No hacen falta más advertencias. Aquello que varias generaciones de políticos, urbanistas y grandes empresarios se rehusaron a creer y siquiera a debatir, por falta de evidencia empírica, desdeñando la ciencia de la ecología y el activismo medioambiental que comenzó a organizarse en Europa occidental y en las costas de Norteamérica en la década de los años 70, después del frenesí capitalista de la posguerra, hoy es una realidad: una serie de eventos naturales cataclísmicos, globales y concatenados, que se suceden de manera acelerada, angustiándonos por su magnitud e inevitabilidad. Y es que han bastado apenas 200 años de actividad humana durante la llamada Era Industrial, incinerando cantidades inconmensurables de carbón, (para generar energía, progreso y riqueza en aquello que podríamos llamar la paradoja trágica de la humanidad, plena de sueños de bienestar y gloria y, al mismo tiempo, de una insensatez autodestructiva), para sacar al planeta de su equilibrio natural, sin que podamos remediarlo.

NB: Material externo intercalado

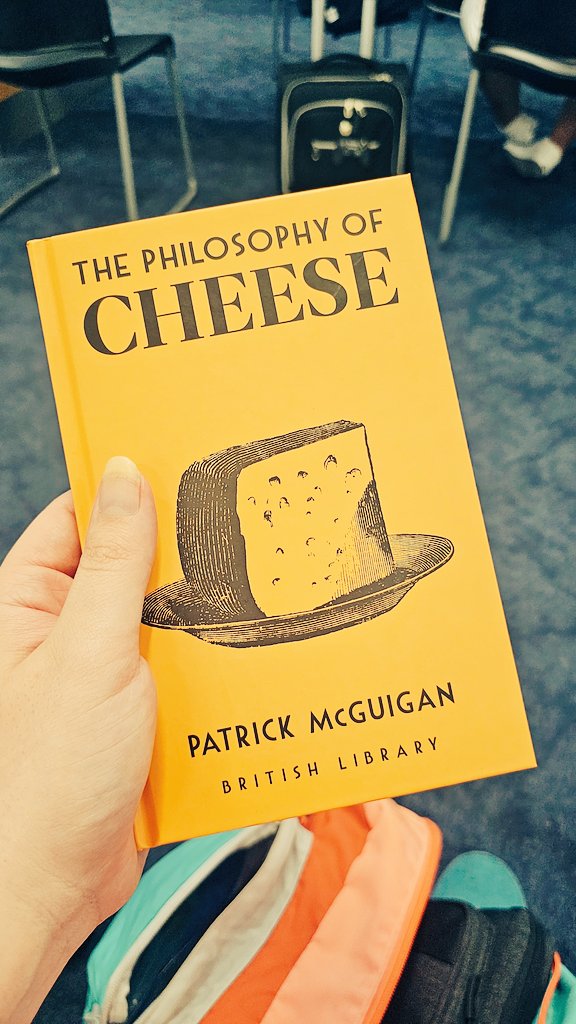 TheStupendium's tweet image. On my travels to NPC.
You know I packed some important literature for the trip. 🧀🧐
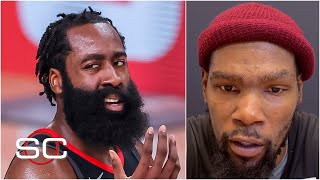 Kevin Durant says he doesn't think about James Harden 'at all' | SportsCenter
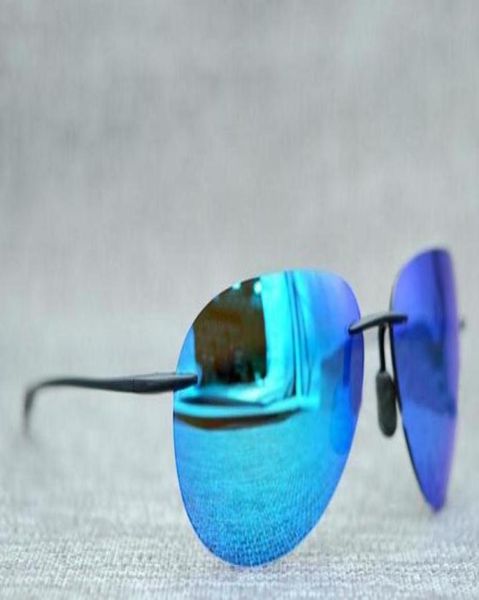 

luxury designer brand designer mcy jim 421 sunglasses polarized rimless lens men women driving sunglasses with case3783281, White;black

En lo que a las ciudades respecta, maravillas tempranas del espíritu gregario del hombre, que es el de las oportunidades compartidas y la solidaridad, la Era Industrial las hizo tan extensas y complejas que ellas se han convertido también en agentes de desequilibrio medioambiental. Qué duda cabe de que el imperio del automóvil, glorificado por algunos hasta el día de hoy en perjuicio de todo lo colectivo, público y económico, ejemplifica la cultura del egotismo, del consumo y de la polución como mal necesario. Lo mismo con ciertos tipos arquitectónicos y constructivos, basados mucho más en la ambición del espectáculo que en la sensatez del aprovechamiento de la naturaleza. Y qué duda cabe también de que, en la medida que la catástrofe climática altere nuestras vidas cotidianas, recién estaremos dispuestos a cambiar nuestros paradigmas, nuestras expectativas, nuestras conductas.
A propósito de escenarios probables a corto plazo: ¿cómo habremos de suplir la provisión de agua dulce en una ciudad del tamaño de Santiago, si dejamos de recibirla de los deshielos anuales de la cordillera? Si la solución es desalinizar el agua marina, ¿qué costo económico y medioambiental tendría su producción? Suponiendo una población de 7 millones en la Región Metropolitana y un consumo promedio de 155 litros por persona al día (la Unesco recomienda un consumo diario de no más de 100 l por persona al día, con un mínimo asegurado de 20 l), estamos hablando de 1.100.000 m{+3} al día... ¿Cómo la transportaríamos 120 o más kilómetros cuesta arriba hasta llegar a una altura promedio de 550 metros sobre el nivel del mar? ¿Cómo dotaríamos a la ciudad de presión suficiente? ¿Qué consumo de energía tiene ese proceso? ¿Cómo lo financiaremos? Y si ese millón de metros cúbicos de agua marina desalinizada genera nada menos que 36 toneladas de sal al día... ¿qué haremos con ella?